Last month, St. Luke’s Wood River Medical Center CEO Jon Moses instructed the Idaho Mountain Express that he and hospital officials would only respond to written questions from the paper due to hospital officials’ time pressures opening the new hospital and because he was concerned about the paper’s accuracy.

But Moses did not respond to an e-mail message from the paper on Monday that asked whether the hospital would alter its sign in light of county planners’ comments about it.

On Monday, St. Luke’s planner John Gaeddert asked the county board of commissioners for approval of an encroachment permit that would allow the monument sign to exist in the public right-of-way adjacent to Highway 75. Commissioners Len Harlig, Mary Ann Mix and Dennis Wright unanimously approved the request.

"We still hope to build [the sign] this year," Gaeddert said.

Responding to St. Luke’s plans to build the monument, commission chairman Tom Bowman said in a telephone interview Monday that St. Luke’s is not sensitive to county residents who, he says, don’t want to see proliferating signs along the highway.

St. Luke’s Wood River Medical Center "is not listening to people in the county," he said. "They’re listening to their donors and to St. Luke’s in Boise."

But despite the P&Z’s intentions to prevent the monument, Commissioner Harlig said he voted in favor of the encroachment permit Monday because he wanted to eliminate the possibility of St. Luke’s having to return to the board for the permit if P&Z fails to get blue "H"s installed.

"I don’t see why we should make it any more difficult than necessary for people than it already is," he said.


St. Luke’s brick-and-wood monument sign was one of two signs the P&Z rejected in St. Luke’s proposed package of 10 signs last month. The P&Z commissioners rejected it because county zoning rules only allow one 20-square-foot directional sign and one identification sign.

The P&Z had already granted St. Luke’s a 154-square-foot identification sign at the hospital’s northern entrance.

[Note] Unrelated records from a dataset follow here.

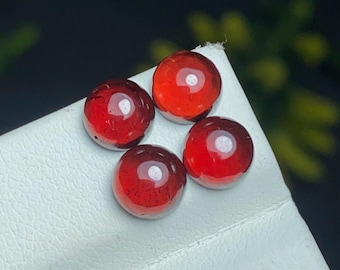 Cabochon met natuurlijke Mozambikaanse granaat, 4 stuks – 6 mm | 6,60 CTS rode edelstenen, rode granaat sieradenset voor het maken van sieraden
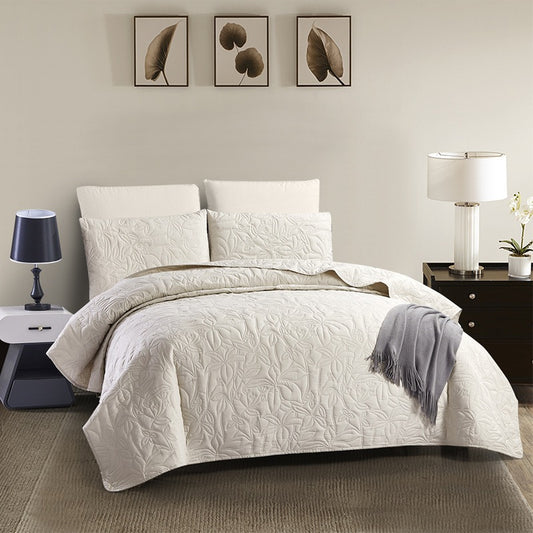 Ultrasonic Solid Color Comforter Set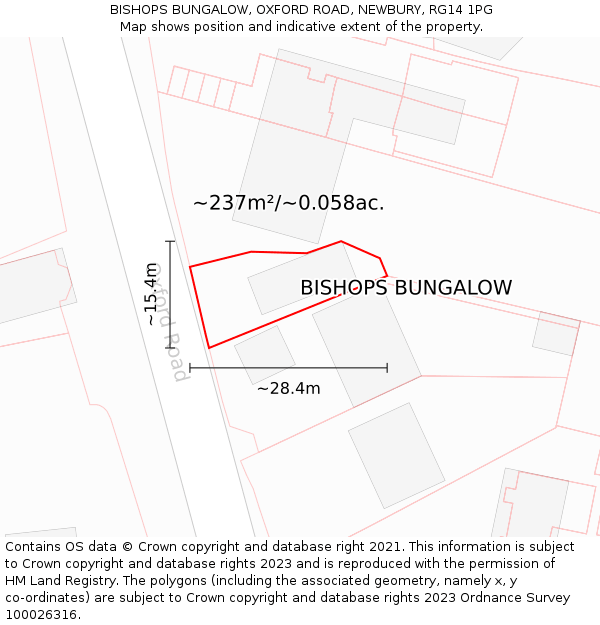 BISHOPS BUNGALOW, OXFORD ROAD, NEWBURY, RG14 1PG: Plot and title map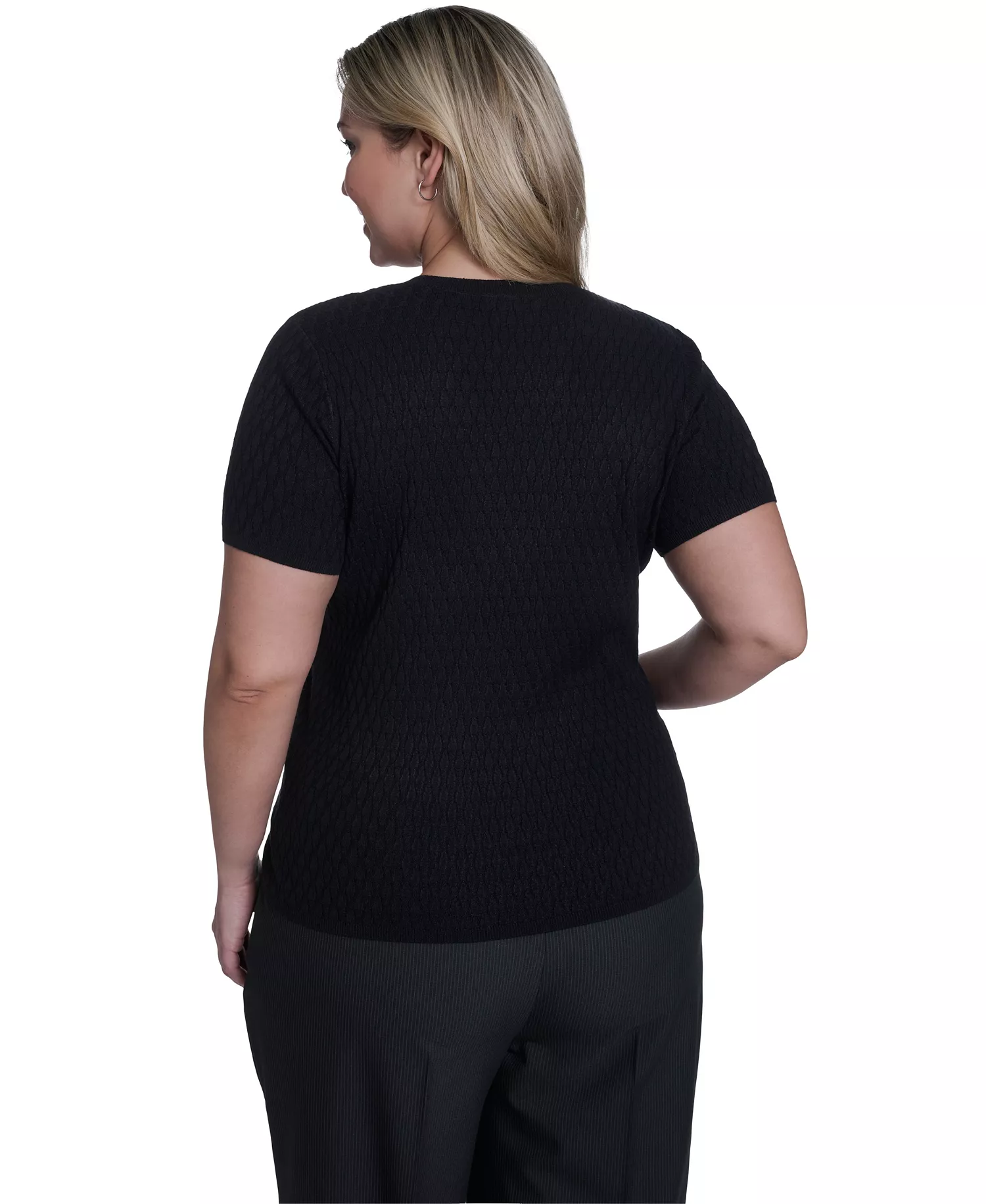 Plus Size Short-Sleeve Crew Neck Sweater - Black - 1X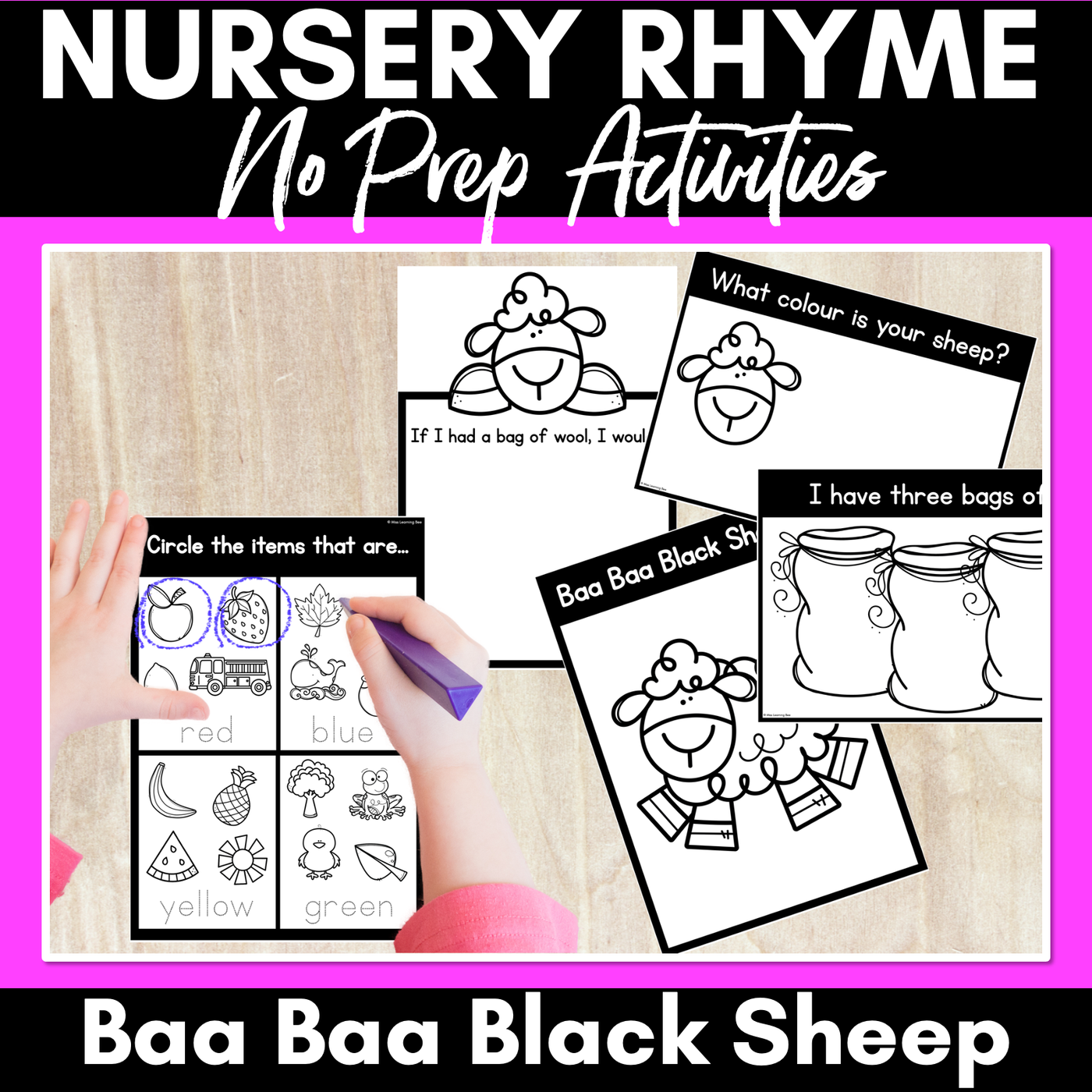 Baa Baa Black Sheep Nursery Rhyme Worksheets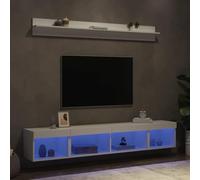 Meuble TV Mural Flottant avec LED RGB 5 Pièces Blanc Bois d'Ingénierie, Étagères Murales Modernes pour Salon et Bureau, Grand Espace de Rangement pour Livres et Accessoires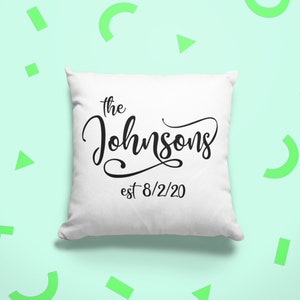Custom Family Name Throw Pillow Case, Personalized Wedding Gift, Gift for couple, Housewarming gift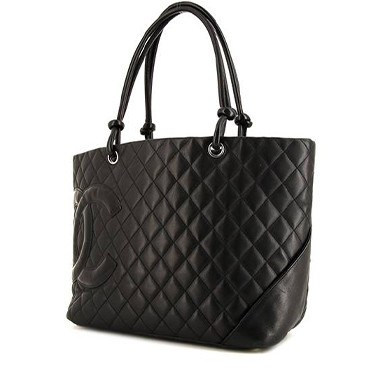 Chanel Cambon Line Boston Tote Bag Shoulder Pink Leather Black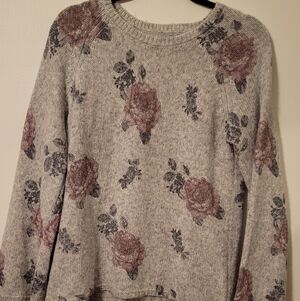 Lucky Brand Floral Crew Neck Sweater - Gray and Pink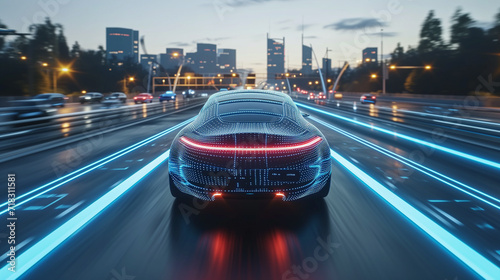 Car Following Futuristic 3D Concept Car. Autonomous Self Driving Van Moving Through City Highway. Visualized AI Sensors Scanning Road Ahead for Speed Limits, Vehicles, Pedestrians. Back View photo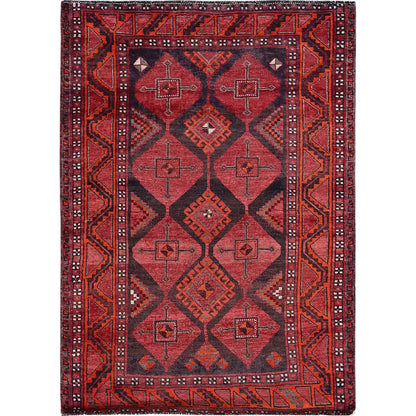Overdyed & Vintage Wool Hand Knotted Rug Red 4.6x6.6 -O0820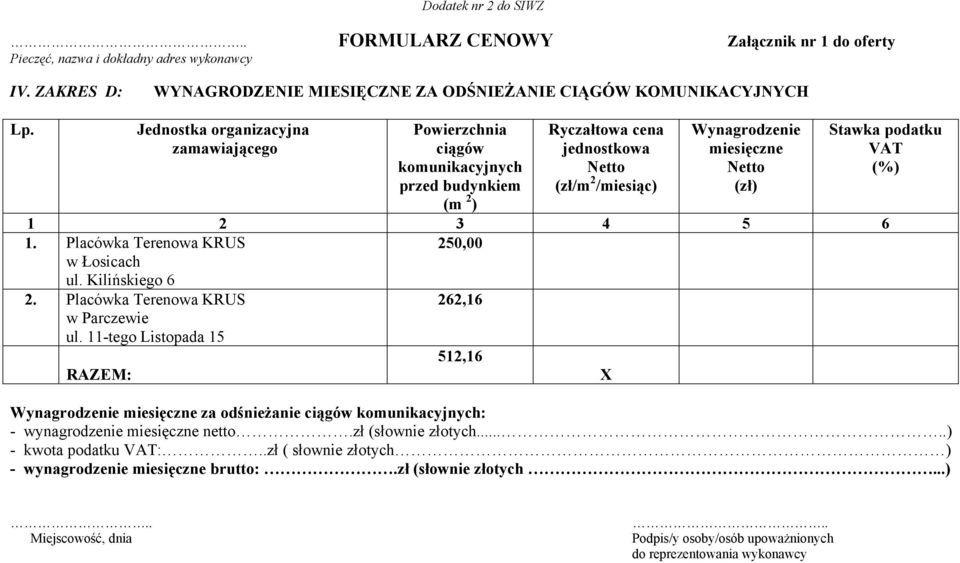 budynkiem 250,00 262,16 512,16 za odśnieżanie ciągów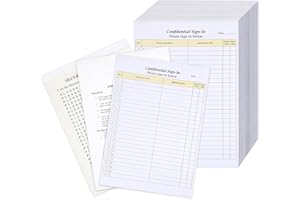 Motiskyy 150 Pack Confidential Sign in Sheet - Patient Sign in Sheet Peel Off, HIPAA Compliant Medical Adhesive Label Form, Carbonless 3 Part Forms for Doctor, Medical, Dental Office Use (Yellow)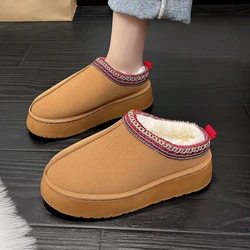 Women's Wool Slippers Warm Platform Wool Slipperswomen Slippers Women Sheepskin Slippers Women Shoes 2024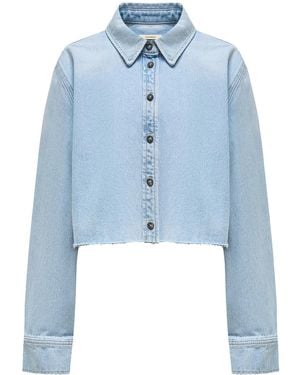 12 STOREEZ Cropped Organic-Cotton Denim Shirt - Blue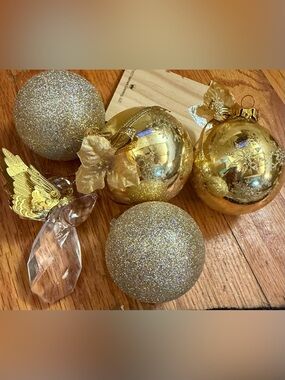 Gold Holiday Ornaments and Hallmark Angel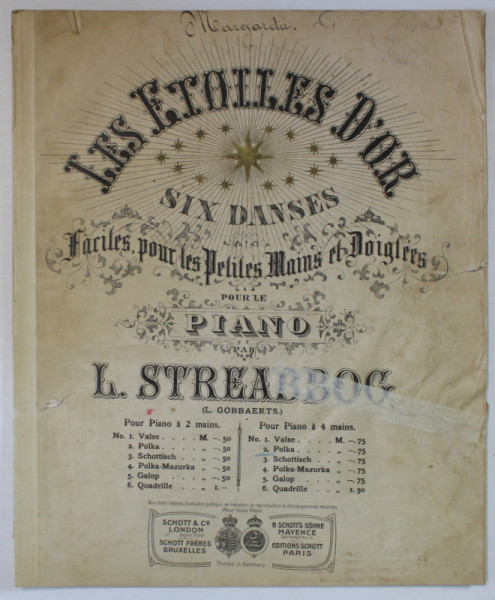 LES ETOLIES D ' OR , POLKA pour piano par L. STREABBOG , CCA. 1900 , PARTITURA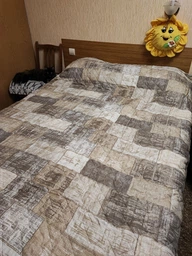 Стеганое покрывало Home Line. 1910740 15-1316 бежевое-160х210 см фото от покупателей 5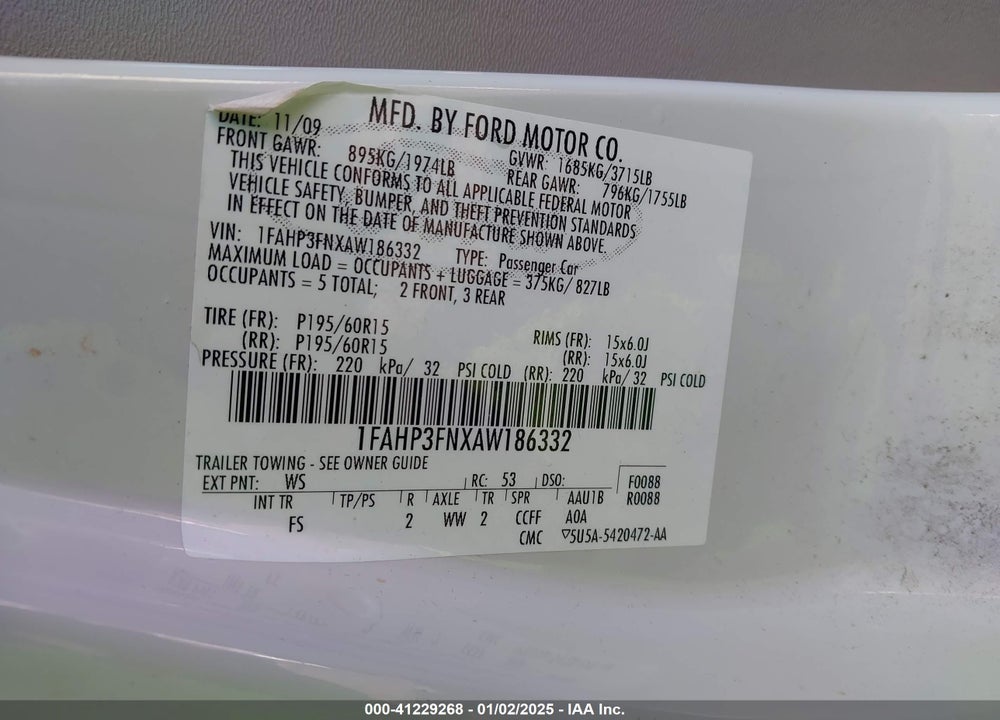2010 FORD FOCUS VIN: 1FAHP3FNXAW186332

In addition to the monument, the hospital will feature a 60-square-foot cross logo mounted 40 feet high on the building’s east-facing tower wall, the 154-square-foot monument at the northern entrance and six on-campus directional monuments and wall-mounted signs that will be lit from behind with neon.

On Monday, St. Luke’s and the board of county commissioners reviewed a task list of items that must be completed before the hospital can open its doors to the public in November. Completion of the signs was not a condition of occupancy, according to the list.